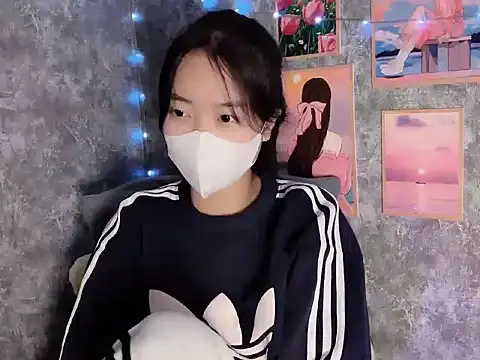 Snapshot of Hellen2999 chatting on November 30, 2025, 4:00 pm Hellen2999 online show from November 30, 2025, 4:00 pm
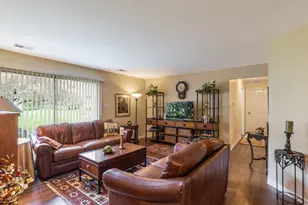 1246 E Evergreen Dr, Palatine, IL 60074 - Photo 7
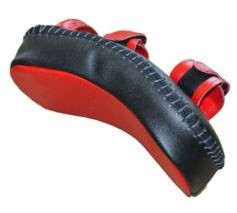 Макивара изогнутая на руку 40см х 22см х 8см кожа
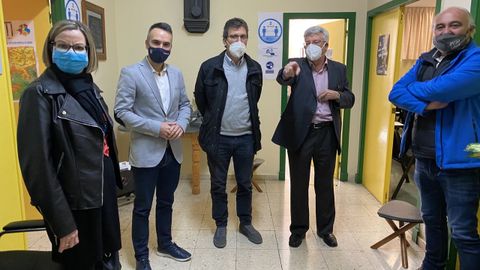 La alcaldesa de Carballeda, María del Carmen González, durante una visita al Clúster de la Pizarra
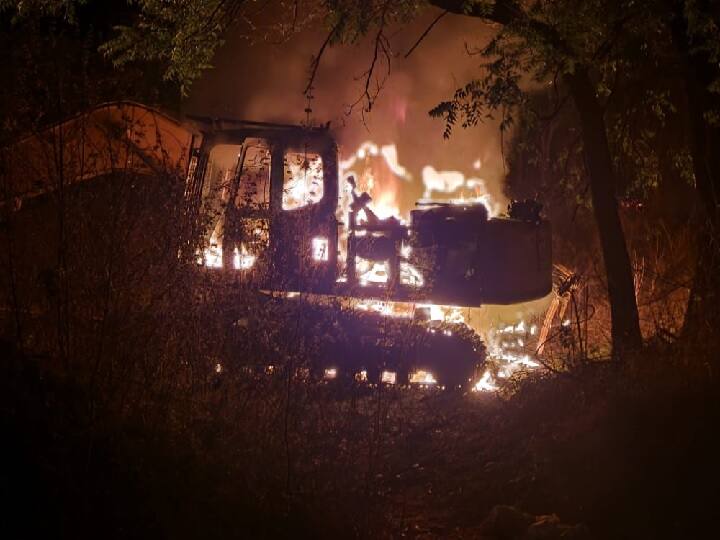 Accident Strange explosion of Poklen Machine in Latur Two people killed लातूरमध्ये पोकलेनचा विचित्र स्फोट; हवेत उडालेले स्पेयर पार्ट्स लागून दोन जण ठार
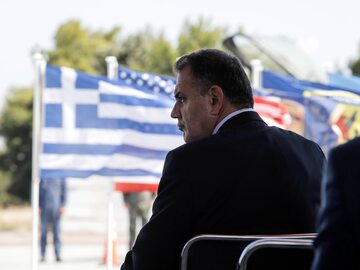 Nikos Panagiotopoulos, minister obrony Grecji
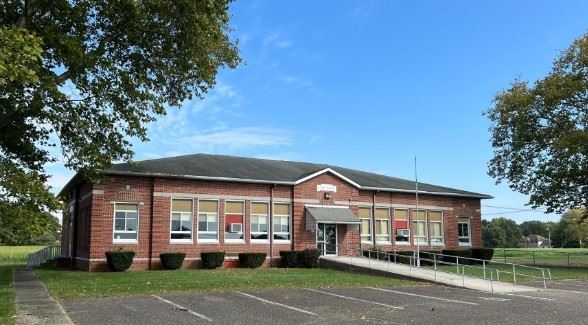 Lake School Auction Photo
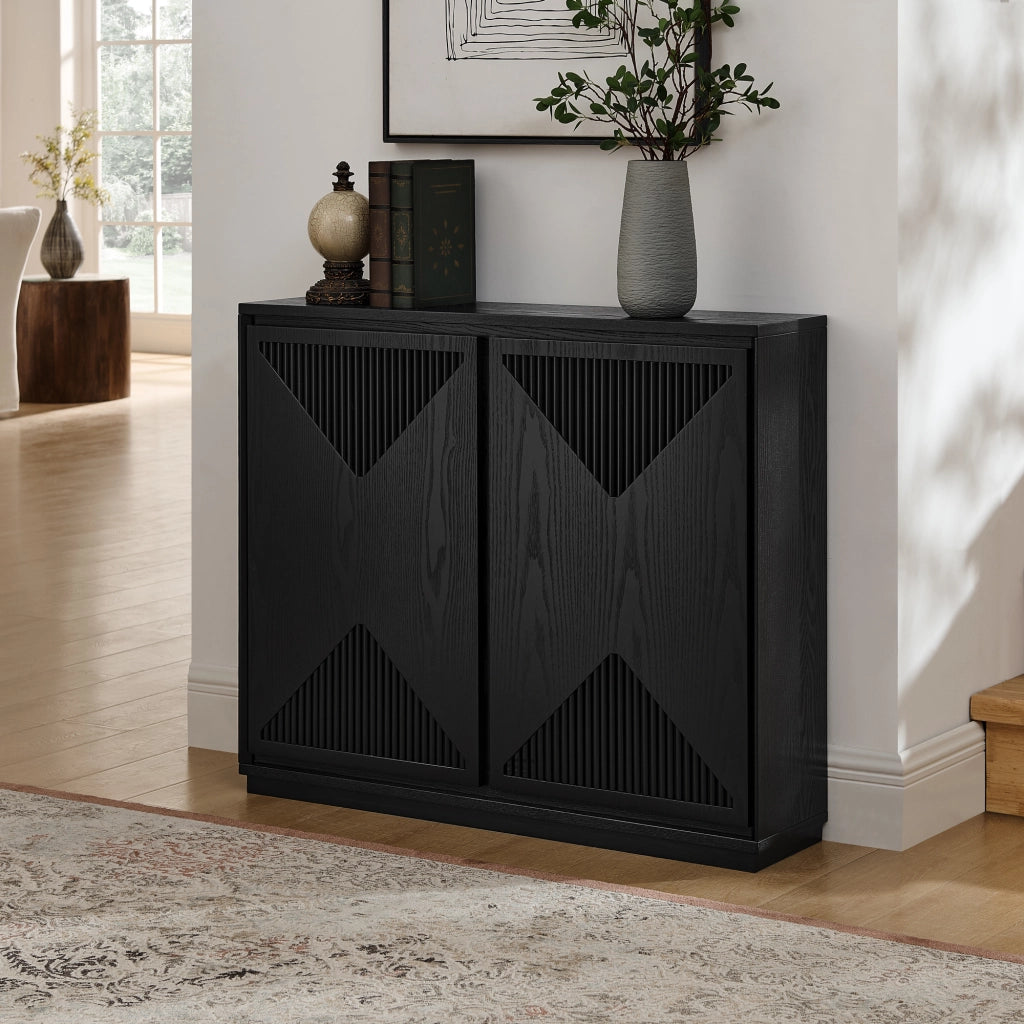 Credenza con ante scanalate a V e fori per prese in legno e MDF nero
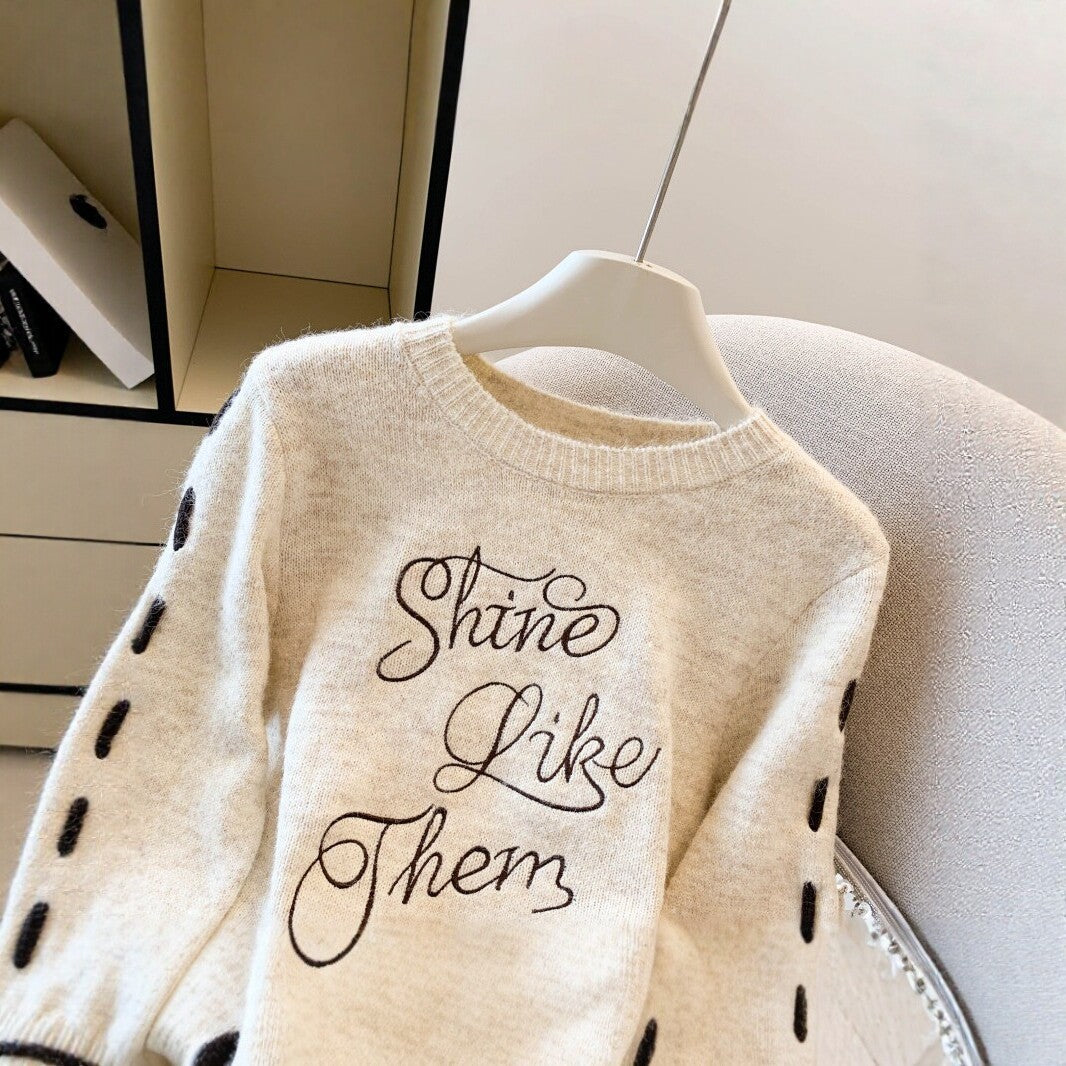 Vintage sweater with embroidery for women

* **Assignment**
Beginning with the line holding "Accident Strange explosion", copy each line exactly through the end of the records above, and leave every picture out.

* **Result for this exercise**
 Accident Strange explosion of Poklen Machine in Latur Two people killed लातूरमध्ये पोकलेनचा विचित्र स्फोट; हवेत उडालेले स्पेयर पार्ट्स लागून दोन जण ठार
 Nikos Panagiotopoulos, minister obrony Grecji
 Lake School Auction Photo
 Credenza con ante scanalate a V e fori per prese in legno e MDF nero
 Vintage sweater with embroidery for women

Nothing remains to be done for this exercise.